(Dataset entries)
------------------------------

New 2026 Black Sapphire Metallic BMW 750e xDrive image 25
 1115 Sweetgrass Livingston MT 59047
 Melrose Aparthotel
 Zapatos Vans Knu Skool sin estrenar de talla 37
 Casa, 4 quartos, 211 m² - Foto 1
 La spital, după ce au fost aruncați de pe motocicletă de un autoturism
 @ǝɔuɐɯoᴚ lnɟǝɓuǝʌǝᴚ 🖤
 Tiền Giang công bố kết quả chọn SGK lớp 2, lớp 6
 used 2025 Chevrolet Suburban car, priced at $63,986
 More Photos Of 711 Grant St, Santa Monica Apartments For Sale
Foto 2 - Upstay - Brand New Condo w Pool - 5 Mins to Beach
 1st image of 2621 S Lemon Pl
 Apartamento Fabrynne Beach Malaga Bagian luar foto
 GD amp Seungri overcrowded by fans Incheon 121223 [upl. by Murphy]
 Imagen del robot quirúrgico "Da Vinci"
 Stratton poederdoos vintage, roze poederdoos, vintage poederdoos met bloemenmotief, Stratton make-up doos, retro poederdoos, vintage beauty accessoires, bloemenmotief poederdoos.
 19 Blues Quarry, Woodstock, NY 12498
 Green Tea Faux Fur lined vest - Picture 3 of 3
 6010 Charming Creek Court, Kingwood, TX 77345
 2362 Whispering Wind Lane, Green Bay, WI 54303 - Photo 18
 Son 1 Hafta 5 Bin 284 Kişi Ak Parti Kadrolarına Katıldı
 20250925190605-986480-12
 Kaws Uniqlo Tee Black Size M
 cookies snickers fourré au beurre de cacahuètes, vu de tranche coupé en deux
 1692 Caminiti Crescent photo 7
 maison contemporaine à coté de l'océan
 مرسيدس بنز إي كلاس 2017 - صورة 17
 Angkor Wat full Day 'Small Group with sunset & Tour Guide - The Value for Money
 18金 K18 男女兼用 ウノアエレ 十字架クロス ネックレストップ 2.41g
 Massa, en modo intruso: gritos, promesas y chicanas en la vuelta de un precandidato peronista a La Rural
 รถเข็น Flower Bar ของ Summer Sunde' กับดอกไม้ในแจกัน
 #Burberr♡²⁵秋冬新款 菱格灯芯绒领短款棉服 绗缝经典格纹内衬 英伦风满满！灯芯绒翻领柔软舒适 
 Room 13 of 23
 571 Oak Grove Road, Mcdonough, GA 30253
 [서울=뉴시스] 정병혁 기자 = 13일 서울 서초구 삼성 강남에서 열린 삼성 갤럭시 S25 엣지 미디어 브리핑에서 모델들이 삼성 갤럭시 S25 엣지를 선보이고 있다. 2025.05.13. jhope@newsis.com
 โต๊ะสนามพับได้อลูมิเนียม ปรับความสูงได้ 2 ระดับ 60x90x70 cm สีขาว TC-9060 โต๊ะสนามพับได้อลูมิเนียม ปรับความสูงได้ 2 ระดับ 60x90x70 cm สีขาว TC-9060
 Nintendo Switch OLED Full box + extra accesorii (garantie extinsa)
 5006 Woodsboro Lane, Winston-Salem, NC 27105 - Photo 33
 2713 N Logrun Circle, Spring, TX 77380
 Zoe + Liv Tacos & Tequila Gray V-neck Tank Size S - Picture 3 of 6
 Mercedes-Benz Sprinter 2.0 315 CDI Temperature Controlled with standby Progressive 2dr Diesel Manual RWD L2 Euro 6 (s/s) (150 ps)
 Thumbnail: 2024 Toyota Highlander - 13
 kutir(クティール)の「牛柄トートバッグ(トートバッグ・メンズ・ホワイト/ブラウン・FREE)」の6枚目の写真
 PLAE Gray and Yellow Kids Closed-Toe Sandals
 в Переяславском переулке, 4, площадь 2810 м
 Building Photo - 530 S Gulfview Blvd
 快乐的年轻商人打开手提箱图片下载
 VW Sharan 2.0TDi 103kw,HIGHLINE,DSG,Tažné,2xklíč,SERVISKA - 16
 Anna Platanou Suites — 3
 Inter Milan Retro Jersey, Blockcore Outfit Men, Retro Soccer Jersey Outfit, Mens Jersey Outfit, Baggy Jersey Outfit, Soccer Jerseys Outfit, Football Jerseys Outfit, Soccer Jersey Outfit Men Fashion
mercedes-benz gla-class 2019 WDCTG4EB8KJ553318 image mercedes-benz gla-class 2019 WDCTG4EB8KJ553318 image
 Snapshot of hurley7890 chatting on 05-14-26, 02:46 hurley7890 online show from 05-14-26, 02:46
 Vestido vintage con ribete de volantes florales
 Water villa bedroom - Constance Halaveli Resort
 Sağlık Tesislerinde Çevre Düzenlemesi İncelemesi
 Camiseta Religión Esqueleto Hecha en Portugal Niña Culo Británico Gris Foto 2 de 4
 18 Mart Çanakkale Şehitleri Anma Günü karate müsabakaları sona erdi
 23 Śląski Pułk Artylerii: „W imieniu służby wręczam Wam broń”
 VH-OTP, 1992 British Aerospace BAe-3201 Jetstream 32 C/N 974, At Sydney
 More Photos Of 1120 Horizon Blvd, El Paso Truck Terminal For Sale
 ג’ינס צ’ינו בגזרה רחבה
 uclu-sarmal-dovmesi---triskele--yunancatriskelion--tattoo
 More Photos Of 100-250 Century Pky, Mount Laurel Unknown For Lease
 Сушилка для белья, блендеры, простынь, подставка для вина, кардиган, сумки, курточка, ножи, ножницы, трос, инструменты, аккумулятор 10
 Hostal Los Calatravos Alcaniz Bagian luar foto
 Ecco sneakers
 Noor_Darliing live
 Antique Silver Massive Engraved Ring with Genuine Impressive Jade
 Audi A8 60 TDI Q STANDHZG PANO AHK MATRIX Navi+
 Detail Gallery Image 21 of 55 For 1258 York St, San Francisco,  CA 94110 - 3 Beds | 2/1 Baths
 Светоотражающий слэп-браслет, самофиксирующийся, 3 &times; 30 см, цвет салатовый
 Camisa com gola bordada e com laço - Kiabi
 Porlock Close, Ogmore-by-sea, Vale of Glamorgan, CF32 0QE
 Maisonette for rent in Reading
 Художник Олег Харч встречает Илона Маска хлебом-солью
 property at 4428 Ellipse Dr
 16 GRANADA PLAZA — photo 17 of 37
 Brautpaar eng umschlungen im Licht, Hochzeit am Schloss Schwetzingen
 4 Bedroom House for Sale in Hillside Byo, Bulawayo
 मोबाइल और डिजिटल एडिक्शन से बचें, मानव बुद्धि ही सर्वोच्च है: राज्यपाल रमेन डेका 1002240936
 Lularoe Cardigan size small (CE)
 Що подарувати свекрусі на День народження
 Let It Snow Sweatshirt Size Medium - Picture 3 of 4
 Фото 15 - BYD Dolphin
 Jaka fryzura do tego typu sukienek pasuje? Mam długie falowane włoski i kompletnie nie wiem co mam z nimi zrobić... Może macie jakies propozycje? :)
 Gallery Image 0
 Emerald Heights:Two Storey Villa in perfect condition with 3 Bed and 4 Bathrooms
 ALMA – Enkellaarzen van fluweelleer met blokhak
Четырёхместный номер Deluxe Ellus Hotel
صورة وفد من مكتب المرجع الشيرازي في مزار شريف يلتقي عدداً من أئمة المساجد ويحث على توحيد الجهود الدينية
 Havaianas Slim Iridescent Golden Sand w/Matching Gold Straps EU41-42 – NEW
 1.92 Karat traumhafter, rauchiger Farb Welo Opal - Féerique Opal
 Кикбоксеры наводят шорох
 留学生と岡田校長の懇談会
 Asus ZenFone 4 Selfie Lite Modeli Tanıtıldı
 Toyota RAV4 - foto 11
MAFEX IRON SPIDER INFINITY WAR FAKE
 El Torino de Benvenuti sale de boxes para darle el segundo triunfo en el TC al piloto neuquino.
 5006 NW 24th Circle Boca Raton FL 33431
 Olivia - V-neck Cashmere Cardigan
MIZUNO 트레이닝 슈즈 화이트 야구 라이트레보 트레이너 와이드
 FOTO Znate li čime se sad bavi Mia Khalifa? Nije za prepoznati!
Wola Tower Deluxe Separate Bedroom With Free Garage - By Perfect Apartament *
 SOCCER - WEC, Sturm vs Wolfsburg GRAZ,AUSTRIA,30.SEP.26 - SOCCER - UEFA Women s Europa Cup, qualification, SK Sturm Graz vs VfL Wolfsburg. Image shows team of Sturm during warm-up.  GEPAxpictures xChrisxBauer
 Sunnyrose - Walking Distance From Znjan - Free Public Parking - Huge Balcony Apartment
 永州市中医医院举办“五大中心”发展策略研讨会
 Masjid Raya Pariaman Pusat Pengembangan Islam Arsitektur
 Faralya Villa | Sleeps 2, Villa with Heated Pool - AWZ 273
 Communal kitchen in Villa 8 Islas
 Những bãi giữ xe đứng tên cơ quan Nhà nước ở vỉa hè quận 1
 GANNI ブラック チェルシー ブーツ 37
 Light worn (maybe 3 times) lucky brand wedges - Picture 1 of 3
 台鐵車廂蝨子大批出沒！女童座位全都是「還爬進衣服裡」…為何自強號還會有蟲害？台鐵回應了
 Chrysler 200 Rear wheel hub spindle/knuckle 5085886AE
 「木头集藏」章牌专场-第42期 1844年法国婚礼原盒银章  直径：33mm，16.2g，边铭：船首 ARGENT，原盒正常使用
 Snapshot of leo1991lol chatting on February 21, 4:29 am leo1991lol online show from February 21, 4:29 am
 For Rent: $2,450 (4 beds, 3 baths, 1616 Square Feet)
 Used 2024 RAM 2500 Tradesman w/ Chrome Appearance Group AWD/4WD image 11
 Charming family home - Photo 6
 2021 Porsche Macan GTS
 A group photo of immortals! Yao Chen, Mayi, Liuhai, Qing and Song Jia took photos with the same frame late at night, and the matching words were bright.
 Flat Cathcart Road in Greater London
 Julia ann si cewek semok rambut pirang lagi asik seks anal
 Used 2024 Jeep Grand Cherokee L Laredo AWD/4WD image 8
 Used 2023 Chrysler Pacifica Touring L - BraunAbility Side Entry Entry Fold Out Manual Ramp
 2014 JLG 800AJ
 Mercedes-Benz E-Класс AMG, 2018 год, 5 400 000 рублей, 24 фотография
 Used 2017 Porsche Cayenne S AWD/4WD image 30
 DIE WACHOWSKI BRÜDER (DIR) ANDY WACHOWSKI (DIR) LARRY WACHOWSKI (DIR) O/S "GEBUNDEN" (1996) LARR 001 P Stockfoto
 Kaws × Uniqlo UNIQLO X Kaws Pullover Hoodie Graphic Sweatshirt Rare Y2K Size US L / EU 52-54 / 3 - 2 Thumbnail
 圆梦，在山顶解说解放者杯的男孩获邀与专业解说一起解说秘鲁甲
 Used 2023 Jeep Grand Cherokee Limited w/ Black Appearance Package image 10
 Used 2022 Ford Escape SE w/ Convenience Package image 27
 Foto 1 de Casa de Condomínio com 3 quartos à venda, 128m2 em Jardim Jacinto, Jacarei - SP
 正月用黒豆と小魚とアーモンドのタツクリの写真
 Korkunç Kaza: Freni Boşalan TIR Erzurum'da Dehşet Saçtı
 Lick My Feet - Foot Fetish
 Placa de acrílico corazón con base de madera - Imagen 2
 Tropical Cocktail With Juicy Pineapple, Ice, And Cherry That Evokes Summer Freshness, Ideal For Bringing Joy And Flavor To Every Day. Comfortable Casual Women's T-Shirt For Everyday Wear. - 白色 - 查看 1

------------------------------

> [Directions for this task] Exactly as they stand, set down the lines from the top of the data through the line with "Room 13 of 23".

> [Answer]
New 2026 Black Sapphire Metallic BMW 750e xDrive image 25
 1115 Sweetgrass Livingston MT 59047
 Melrose Aparthotel
 Zapatos Vans Knu Skool sin estrenar de talla 37
 Casa, 4 quartos, 211 m² - Foto 1
 La spital, după ce au fost aruncați de pe motocicletă de un autoturism
 @ǝɔuɐɯoᴚ lnɟǝɓuǝʌǝᴚ 🖤
 Tiền Giang công bố kết quả chọn SGK lớp 2, lớp 6
 used 2025 Chevrolet Suburban car, priced at $63,986
 More Photos Of 711 Grant St, Santa Monica Apartments For Sale
Foto 2 - Upstay - Brand New Condo w Pool - 5 Mins to Beach
 1st image of 2621 S Lemon Pl
 Apartamento Fabrynne Beach Malaga Bagian luar foto
 GD amp Seungri overcrowded by fans Incheon 121223 [upl. by Murphy]
 Imagen del robot quirúrgico "Da Vinci"
 Stratton poederdoos vintage, roze poederdoos, vintage poederdoos met bloemenmotief, Stratton make-up doos, retro poederdoos, vintage beauty accessoires, bloemenmotief poederdoos.
 19 Blues Quarry, Woodstock, NY 12498
 Green Tea Faux Fur lined vest - Picture 3 of 3
 6010 Charming Creek Court, Kingwood, TX 77345
 2362 Whispering Wind Lane, Green Bay, WI 54303 - Photo 18
 Son 1 Hafta 5 Bin 284 Kişi Ak Parti Kadrolarına Katıldı
 20250925190605-986480-12
 Kaws Uniqlo Tee Black Size M
 cookies snickers fourré au beurre de cacahuètes, vu de tranche coupé en deux
 1692 Caminiti Crescent photo 7
 maison contemporaine à coté de l'océan
 مرسيدس بنز إي كلاس 2017 - صورة 17
 Angkor Wat full Day 'Small Group with sunset & Tour Guide - The Value for Money
 18金 K18 男女兼用 ウノアエレ 十字架クロス ネックレストップ 2.41g
 Massa, en modo intruso: gritos, promesas y chicanas en la vuelta de un precandidato peronista a La Rural
 รถเข็น Flower Bar ของ Summer Sunde' กับดอกไม้ในแจกัน
 #Burberr♡²⁵秋冬新款 菱格灯芯绒领短款棉服 绗缝经典格纹内衬 英伦风满满！灯芯绒翻领柔软舒适 
 Room 13 of 23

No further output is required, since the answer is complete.